Od samego rana nie miałem jakiegoś bardzo dobrego humoru, zły na Nori’ego za to, co zrobił Misaki. Co prawda nie wiem, o co się pokłócili, i co się dokładnie stało, ale to niezbyt mi przeszkadzało. Jedyny fakt, który mnie interesował, to taki, że zrobił mojej księżniczce przykrość, a tego robić nigdy nie powinien. No i też tak może odrobinkę na Mikleo za to, że zakazał mi się wtrącać. Przecież to moja córka jest, mam patrzeć, jak cierpi? Nie mogę na to pozwolić. Każde moje dziecko będę bronił, i o nie dbał, niezależnie od tego, czy jest już dorosłe, czy dopiero niedawno nauczyło się jeść nie brudząc wszystkiego wokół.
Dzisiaj jednak Misaki wydawała się być w zacznie lepszym humorze. Była znacznie żywsza, i wesoła, a jak zapytałem ją, co takiego stało się pomiędzy nią i Norim, ale ona już uparcie twierdziła, że wszystko w porządku, i po prostu musiała się z tym przespać. Trochę jej w to nie wierzyłem. Wczoraj wyglądała na naprawdę przybitą, i teraz już wszystko było dobrze? To tak szybko nie działa. Wiem, bo przecież znam to z autopsji. No ale przecież nie zmuszę jej do mówienia. Pozostała mi tylko nadzieja, że naprawdę czuje się dobrze i niczego przede mną nie ukrywa, bo ja naprawdę zrobiłbym dla niej wszystko. I nie tylko dla niej, dla każdego z moich dzieci.
- Ja się już będę zbierać – zaproponowała, kiedy już zjedliśmy obiad i wypiliśmy herbatę.
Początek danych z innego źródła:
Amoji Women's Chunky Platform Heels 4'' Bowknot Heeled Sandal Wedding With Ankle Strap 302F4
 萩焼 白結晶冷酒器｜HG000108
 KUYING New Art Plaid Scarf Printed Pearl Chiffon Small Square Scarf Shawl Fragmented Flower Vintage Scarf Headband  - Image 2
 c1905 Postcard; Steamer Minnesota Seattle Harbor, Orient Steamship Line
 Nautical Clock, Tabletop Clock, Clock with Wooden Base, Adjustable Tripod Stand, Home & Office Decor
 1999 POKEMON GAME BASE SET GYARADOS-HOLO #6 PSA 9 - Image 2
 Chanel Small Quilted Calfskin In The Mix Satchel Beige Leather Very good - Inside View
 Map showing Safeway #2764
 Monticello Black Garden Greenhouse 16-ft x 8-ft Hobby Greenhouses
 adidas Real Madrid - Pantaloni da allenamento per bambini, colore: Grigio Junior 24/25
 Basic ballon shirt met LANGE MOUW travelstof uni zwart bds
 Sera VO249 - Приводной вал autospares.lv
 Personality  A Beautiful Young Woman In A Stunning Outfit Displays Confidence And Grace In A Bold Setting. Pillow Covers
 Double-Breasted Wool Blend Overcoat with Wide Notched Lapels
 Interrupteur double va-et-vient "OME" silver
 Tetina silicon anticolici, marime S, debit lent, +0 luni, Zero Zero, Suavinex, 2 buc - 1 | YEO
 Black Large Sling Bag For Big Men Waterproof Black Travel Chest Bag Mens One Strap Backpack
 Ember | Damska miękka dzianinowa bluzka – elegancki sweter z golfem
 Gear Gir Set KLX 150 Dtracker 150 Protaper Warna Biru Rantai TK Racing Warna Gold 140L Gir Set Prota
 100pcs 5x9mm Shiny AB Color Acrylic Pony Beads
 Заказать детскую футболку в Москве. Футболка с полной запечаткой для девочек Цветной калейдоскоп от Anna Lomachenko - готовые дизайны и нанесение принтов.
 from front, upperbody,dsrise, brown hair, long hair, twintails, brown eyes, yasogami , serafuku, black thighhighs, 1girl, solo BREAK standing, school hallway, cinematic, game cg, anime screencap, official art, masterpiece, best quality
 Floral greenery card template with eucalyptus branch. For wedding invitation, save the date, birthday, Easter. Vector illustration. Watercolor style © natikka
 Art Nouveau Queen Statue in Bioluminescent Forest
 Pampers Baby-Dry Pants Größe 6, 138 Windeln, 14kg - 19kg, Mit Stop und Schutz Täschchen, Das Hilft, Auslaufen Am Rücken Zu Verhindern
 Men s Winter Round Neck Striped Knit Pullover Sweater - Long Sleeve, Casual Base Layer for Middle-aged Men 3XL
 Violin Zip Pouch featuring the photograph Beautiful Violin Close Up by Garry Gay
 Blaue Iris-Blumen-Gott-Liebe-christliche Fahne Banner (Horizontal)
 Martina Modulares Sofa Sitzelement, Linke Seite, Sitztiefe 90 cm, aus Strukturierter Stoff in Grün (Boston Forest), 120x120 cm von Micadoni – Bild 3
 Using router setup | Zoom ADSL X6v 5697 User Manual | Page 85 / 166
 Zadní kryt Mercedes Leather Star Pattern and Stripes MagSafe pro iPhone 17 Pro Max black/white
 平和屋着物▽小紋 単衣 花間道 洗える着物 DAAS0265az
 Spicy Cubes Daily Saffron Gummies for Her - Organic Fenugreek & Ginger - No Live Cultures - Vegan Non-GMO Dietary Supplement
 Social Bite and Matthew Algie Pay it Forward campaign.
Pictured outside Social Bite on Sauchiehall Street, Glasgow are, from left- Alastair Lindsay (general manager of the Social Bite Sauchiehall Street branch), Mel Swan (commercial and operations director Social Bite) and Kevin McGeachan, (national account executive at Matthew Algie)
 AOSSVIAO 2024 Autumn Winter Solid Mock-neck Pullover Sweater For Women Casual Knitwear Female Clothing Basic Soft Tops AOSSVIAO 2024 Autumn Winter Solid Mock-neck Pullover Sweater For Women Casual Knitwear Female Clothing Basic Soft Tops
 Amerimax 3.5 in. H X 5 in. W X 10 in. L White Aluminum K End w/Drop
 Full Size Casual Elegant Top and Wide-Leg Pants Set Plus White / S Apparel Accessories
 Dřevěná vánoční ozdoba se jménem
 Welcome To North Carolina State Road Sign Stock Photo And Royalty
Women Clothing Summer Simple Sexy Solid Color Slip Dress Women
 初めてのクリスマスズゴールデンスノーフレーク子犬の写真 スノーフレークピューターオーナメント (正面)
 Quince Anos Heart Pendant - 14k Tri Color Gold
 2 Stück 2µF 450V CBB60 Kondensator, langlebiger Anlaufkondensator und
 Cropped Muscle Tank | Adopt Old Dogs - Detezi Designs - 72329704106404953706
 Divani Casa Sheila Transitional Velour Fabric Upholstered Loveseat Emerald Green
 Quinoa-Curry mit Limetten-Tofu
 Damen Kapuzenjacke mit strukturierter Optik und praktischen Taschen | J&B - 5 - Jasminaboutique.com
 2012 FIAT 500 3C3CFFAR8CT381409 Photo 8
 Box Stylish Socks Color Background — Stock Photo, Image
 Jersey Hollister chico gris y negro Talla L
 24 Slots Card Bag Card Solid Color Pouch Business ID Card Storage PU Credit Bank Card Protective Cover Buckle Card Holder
- Ale jesteś pewna? Przecież możesz zostać u nas, ile tylko chcesz – zaproponowałem, naprawdę nie chcąc, by wróciła do swojego domu. Po co, skoro jest tam mężczyzna, który ją przygnębia?
Tutaj nie ma może wielkich wygód, bo musi spać na kanapie, no ale jest tutaj chciana, i kochana, i nikt jej nie będzie przygnębiać. Tylko ta kanapa... może jednak uda mi się jakoś zdobyć dla niej łóżko? I ogólnie też takie dla gości. Tylko gdzie je postawić? Mieliśmy trochę za mało pokoi na tej górze. Dom niby taki duży, a w rzeczywistości taki mały... Dzieci w jednym pokoju trzymać nie możemy. Gdyby były one tej samej płci, to jeszcze byłoby możliwe, ale tak będą potrzebowały jakieś przestrzeni wspólnej. Może jednak gdzieś tu w salonie bym coś zorganizował? Albo zakupił lepszą kanapę. Tak, lepsza kanapa brzmi jak dobra inwestycja...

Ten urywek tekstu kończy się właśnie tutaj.